Configures a logger to record application events and errors:

- Logs all messages to a file (`app.log`) for persistent records.
- Outputs warnings and errors to the console for immediate visibility.
- Supports dynamic log levels (e.g., `DEBUG`, `INFO`) via environment variables.

## Details

The `set_logger` function:

- Takes a **file name** and **log level** as optional parameters.
- Clears existing handlers to avoid duplicates.
- Sets up:
  - A **file handler** (logs all levels).
  - A **stream handler** (logs warnings and above).
- Uses a formatted log message with:
  - Timestamp
  - Log level
  - Function name
  - Message content
- Defaults to `INFO` level if the specified log level is invalid.
- Logs initialization details for traceability.


In [2]:
def set_logger(file_name: str = 'app.log', log_level: str = None) -> logging.Logger:
    """
    Configures and returns a logger for the application.

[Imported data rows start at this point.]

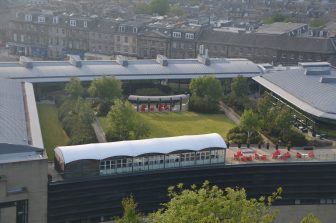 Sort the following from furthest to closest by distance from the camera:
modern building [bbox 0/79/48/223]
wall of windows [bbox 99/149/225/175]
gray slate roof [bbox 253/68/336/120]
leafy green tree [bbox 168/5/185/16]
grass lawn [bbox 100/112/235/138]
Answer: leafy green tree [bbox 168/5/185/16] < grass lawn [bbox 100/112/235/138] < gray slate roof [bbox 253/68/336/120] < wall of windows [bbox 99/149/225/175] < modern building [bbox 0/79/48/223]

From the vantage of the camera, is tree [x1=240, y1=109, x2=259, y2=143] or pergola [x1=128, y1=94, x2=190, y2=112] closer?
tree [x1=240, y1=109, x2=259, y2=143]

    - Logs messages to a file for persistent records.
    - Outputs warnings and errors to the console for immediate visibility.
    - Supports dynamic log levels (e.g., DEBUG, INFO, WARNING) via environment variables.

    Args:
        file_name (str): Name of the log file. Defaults to 'app.log'.
        log_level (str): Logging level (e.g., 'DEBUG', 'INFO'). Defaults to 'INFO' or env variable 'LOG_LEVEL'.

    Returns:
        logging.Logger: Configured logger instance.
    """
    # Create a logger with the module's name
    logger = logging.getLogger(__name__)
    logger.handlers.clear()  # Clear existing handlers to avoid duplicates

    # Set the logging level from argument or environment variable
    log_level = log_level or os.getenv('LOG_LEVEL', 'INFO').upper()
    try:
        logger.setLevel(getattr(logging, log_level))
    except AttributeError:
        logger.setLevel(logging.INFO)
        logger.warning(f"Invalid log level '{log_level}', defaulting to INFO")

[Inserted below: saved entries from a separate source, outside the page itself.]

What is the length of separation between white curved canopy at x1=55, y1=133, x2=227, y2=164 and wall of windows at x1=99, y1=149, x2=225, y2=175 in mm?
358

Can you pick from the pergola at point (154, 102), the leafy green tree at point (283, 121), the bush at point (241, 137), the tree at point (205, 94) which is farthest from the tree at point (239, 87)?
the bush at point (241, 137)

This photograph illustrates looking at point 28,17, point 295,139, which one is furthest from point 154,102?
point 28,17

    # Define a formatter for log messages
    formatter = logging.Formatter(
        '%(asctime)s - %(levelname)s - %(funcName)s - %(message)s',
        datefmt='%H:%M:%S'
    )

    # File handler: Logs all levels to a file
    file_handler = logging.FileHandler(file_name, mode='w', encoding='utf-8')
    file_handler.setFormatter(formatter)
    file_handler.setLevel(logging.DEBUG)

    # Stream handler: Outputs warnings and errors to the console
    stream_handler = logging.StreamHandler()
    stream_handler.setFormatter(formatter)
    stream_handler.setLevel(logging.WARNING)

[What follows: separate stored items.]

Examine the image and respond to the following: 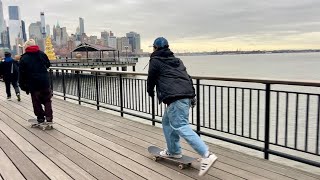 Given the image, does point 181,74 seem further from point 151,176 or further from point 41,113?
point 41,113

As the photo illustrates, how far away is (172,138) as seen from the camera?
4109mm

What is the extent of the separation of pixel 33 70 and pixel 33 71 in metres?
0.02

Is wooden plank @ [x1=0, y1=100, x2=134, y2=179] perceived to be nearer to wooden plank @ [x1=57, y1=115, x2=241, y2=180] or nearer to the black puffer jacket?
wooden plank @ [x1=57, y1=115, x2=241, y2=180]

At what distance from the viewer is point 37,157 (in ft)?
14.8

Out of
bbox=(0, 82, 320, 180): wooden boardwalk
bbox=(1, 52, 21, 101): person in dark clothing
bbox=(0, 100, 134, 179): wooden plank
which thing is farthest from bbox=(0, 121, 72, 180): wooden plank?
bbox=(1, 52, 21, 101): person in dark clothing

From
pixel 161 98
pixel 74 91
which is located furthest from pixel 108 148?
pixel 74 91

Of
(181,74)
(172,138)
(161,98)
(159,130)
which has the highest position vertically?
(181,74)

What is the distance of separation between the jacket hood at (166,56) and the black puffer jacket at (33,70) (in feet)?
9.93

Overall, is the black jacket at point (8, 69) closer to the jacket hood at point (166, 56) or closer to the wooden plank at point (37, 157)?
the wooden plank at point (37, 157)

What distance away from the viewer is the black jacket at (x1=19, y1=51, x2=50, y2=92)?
584cm

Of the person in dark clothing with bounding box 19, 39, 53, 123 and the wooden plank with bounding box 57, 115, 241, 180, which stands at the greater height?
the person in dark clothing with bounding box 19, 39, 53, 123

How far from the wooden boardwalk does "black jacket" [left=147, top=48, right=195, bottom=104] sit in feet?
3.17

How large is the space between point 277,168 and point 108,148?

    # Add handlers to the logger
    logger.addHandler(file_handler)
    logger.addHandler(stream_handler)

    logger.info(f"Logger initialized with level {log_level} and output to {file_name}")
    return logger

# Loading Environment Variables

## Purpose

Loads the OpenWeatherMap API key from a `.env` file to:

- Ensure secure management of sensitive data.
- Validate the API key format and log errors if invalid.

## Details

### Process Flow:

1. Uses `dotenv.load_dotenv()` to load variables from `.env`.
2. Retrieves the `app_id` (API key) from environment variables.

### Validation Checks:

- **Format**: Verifies the key is a non-empty string.
- **Length**: Confirms the key is 32 characters long.

### Error Handling:

- Raises `FileNotFoundError` if `.env` file is missing.
- Raises `ValueError` for invalid API key formats.

### Logging:

- Logs success or failure with descriptive messages for debugging.
- Includes warnings for missing/invalid keys.


In [3]:
def load_env_variables(logger: logging.Logger) -> str:
    """
    Loads the OpenWeatherMap API key from a .env file.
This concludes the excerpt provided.